■ About this exercise
Please return the full listing exactly as written, with the images removed.

■ Information provided
_____

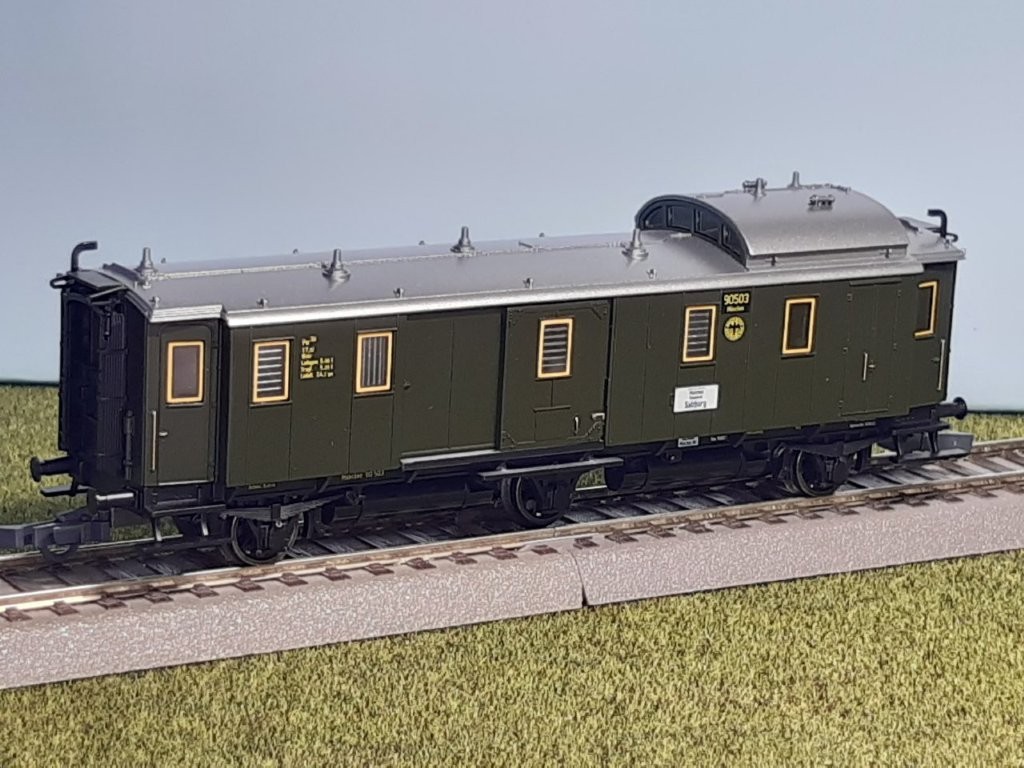 tri23326.jpg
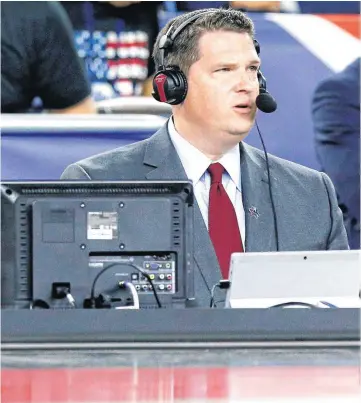  ?? [PHOTO BY NATE BILLINGS, THE OKLAHOMAN] ?? Toby Rowland broadcasts the OU-Villanova national semifinal on April 2 at NRG Stadium in Houston for the OU radio network. Rowland called it “probably the hardest game” in his five years as OU broadcaste­r as the Sooners were routed 95-51.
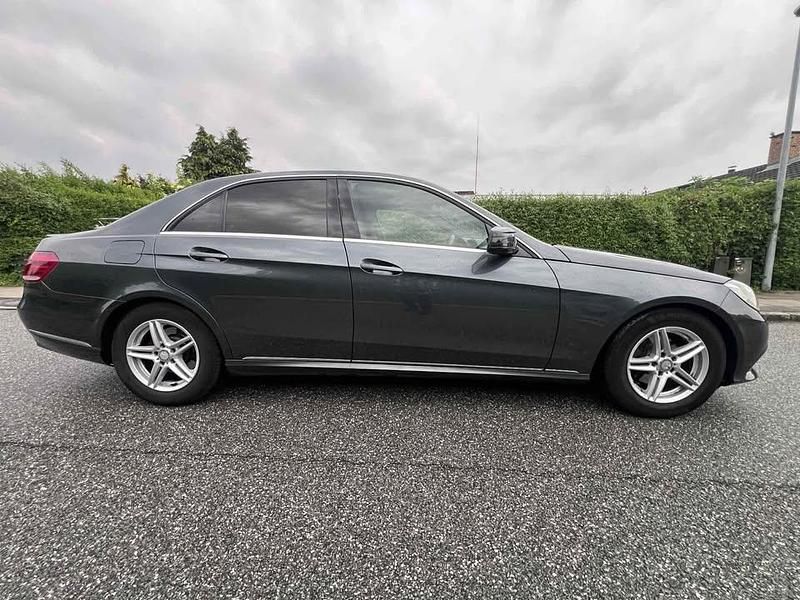 Brugt Mercedes E220 170 HK (125 kW) 2012 Grå Sedan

_____

■ Written response
 tri23326.jpg
  ?? [PHOTO BY NATE BILLINGS, THE OKLAHOMAN] ?? Toby Rowland broadcasts the OU-Villanova national semifinal on April 2 at NRG Stadium in Houston for the OU radio network. Rowland called it “probably the hardest game” in his five years as OU broadcaste­r as the Sooners were routed 95-51.
 Brugt Mercedes E220 170 HK (125 kW) 2012 Grå Sedan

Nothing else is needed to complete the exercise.